Ljubljana, 12 December (STA) - Slovenia has earmarked EUR 3.01bn for the recapitalisation of NLB, NKBM and Abanka Vipa, the country's three largest banks, a figure that allows Slovenia to restructure its banking system without requiring international financial aid.
The capital injection at the three banks will be carried out after approval from the European Commission, which is expected in the coming days, Finance Minister Uroš Čufer told the press in Ljubljana on Thursday.
Banka Slovenije Governor Boštjan Jazbec said that after the recapitalisation the core Tier 1 capital of Slovenia's two biggest banks, NLB and NKBM, will stand at 15% and 16.8%, respectively, making them among the better capitalised banks in the eurozone.

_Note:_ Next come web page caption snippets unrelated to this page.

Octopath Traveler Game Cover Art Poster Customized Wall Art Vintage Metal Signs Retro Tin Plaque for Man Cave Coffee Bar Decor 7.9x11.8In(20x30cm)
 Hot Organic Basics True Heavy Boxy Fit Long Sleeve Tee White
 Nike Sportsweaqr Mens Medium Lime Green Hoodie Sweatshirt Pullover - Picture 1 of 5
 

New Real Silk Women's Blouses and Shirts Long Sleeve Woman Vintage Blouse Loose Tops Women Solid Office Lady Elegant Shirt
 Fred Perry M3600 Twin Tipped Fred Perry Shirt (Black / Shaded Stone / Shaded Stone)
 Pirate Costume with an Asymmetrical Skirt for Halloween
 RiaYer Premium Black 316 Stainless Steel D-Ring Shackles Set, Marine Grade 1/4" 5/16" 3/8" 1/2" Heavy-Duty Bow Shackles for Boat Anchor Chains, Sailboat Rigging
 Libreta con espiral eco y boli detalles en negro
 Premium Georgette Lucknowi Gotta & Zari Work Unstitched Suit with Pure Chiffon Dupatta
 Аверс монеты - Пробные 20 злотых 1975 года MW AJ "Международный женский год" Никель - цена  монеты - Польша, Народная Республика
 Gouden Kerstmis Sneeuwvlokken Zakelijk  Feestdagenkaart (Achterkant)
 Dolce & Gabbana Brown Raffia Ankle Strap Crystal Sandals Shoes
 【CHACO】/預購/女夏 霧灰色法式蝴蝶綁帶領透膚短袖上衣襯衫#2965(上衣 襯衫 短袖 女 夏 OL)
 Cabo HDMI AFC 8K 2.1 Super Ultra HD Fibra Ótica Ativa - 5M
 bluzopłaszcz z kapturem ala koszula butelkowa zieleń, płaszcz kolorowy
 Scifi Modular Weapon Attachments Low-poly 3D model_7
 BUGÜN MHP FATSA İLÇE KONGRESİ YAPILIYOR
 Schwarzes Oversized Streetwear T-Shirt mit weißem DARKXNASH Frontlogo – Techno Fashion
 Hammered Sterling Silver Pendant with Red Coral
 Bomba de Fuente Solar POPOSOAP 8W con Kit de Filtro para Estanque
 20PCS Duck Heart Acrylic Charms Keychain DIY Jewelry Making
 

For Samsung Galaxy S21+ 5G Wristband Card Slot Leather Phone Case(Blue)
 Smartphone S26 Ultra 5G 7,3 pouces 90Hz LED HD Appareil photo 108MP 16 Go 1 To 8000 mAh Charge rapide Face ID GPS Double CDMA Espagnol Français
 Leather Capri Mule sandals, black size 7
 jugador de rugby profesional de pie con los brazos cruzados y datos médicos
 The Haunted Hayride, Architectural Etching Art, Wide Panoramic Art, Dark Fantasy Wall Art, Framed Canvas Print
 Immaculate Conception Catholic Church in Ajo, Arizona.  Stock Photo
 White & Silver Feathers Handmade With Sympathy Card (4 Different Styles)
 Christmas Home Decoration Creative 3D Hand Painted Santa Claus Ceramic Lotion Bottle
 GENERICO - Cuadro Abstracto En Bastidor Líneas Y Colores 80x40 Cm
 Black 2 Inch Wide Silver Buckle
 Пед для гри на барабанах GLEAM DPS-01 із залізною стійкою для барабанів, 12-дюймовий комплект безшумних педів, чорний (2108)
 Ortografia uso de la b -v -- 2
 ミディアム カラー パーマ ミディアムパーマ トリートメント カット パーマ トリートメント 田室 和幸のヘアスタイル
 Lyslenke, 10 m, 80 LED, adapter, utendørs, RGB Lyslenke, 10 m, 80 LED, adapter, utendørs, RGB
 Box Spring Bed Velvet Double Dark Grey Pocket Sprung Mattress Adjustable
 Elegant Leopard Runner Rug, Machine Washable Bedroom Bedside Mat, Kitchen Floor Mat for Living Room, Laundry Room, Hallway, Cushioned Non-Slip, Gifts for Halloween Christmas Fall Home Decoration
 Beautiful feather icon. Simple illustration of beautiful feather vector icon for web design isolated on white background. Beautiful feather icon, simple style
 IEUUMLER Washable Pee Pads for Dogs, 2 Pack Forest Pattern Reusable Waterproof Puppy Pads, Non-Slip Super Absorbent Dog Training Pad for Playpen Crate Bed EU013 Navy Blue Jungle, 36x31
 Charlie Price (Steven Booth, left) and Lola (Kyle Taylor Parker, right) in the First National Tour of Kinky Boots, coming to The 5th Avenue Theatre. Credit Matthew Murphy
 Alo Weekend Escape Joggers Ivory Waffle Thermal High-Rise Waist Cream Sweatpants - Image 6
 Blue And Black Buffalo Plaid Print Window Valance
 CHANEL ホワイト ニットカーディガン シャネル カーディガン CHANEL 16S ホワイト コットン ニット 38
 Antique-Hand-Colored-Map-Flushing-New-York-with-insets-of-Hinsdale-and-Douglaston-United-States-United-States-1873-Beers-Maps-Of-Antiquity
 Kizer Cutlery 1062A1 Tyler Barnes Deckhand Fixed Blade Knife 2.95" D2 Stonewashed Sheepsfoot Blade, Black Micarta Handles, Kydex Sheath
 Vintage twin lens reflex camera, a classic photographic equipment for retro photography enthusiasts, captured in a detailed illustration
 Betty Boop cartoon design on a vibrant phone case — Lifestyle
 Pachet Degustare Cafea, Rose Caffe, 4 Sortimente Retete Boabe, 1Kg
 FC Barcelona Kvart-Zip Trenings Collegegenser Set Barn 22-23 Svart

NLB, NKBM and Abanka will be recapitalised with EUR 2.1bn in cash, mostly with the conversion of existing state deposits into equity, and EUR 905m stemming from recent bond issues.
Another EUR 441m will come from outstanding junior bonds, whose holders will lose their entire investments, according to Jazbec.
NLB accounts for half of the total recapitalisation costs, EUR 1.55bn, with EUR 870m allocated for NKBM and EUR 591m for Abanka.
After approval from the European Commission the three banks will transfer their non-performing loans with a transaction value of EUR 1.6bn to the Bank Assets Management Company (BAMC), the bad bank, which will give it EUR 4.5bn-worth of assets.
The BACM received a EUR 200m capital injection today to allow it so start functioning.
NLB and NKBM will start transferring their non-performing loans immediately, while Abanka needs to draw up a restructuring plan and submit it for approval to the European Commission, Jazbec explained.
The remaining five banks which have been subject to EU-mandated testing - two Slovenia and three foreign-owned - will be asked by the central bank to buttress their capital base within six months. They need just over EUR 1bn, according to the stress tests.
The total capital shortfall of the eight banks is estimated at just under EUR 4.8bn according to the worst-case scenario applied in the stress tests.
After the operation, Slovenia's gross public debt will rise to EUR 75.6% of GDP, whereby the government will still have available EUR 2.5bn in cash for further measures, Čufer explained.
The measures are designed to ensure bank capital adequacy through 2015 under the worst-case scenario, which factors in potential losses in the next two years, Jazbec said.
The bailout plan involves the commitment that NLB and NKBM are privatised, with NKBM to be completely sold off by 2016 and NLB privatised until 2017, whereby the state plans to retain 25% plus one share in the bank.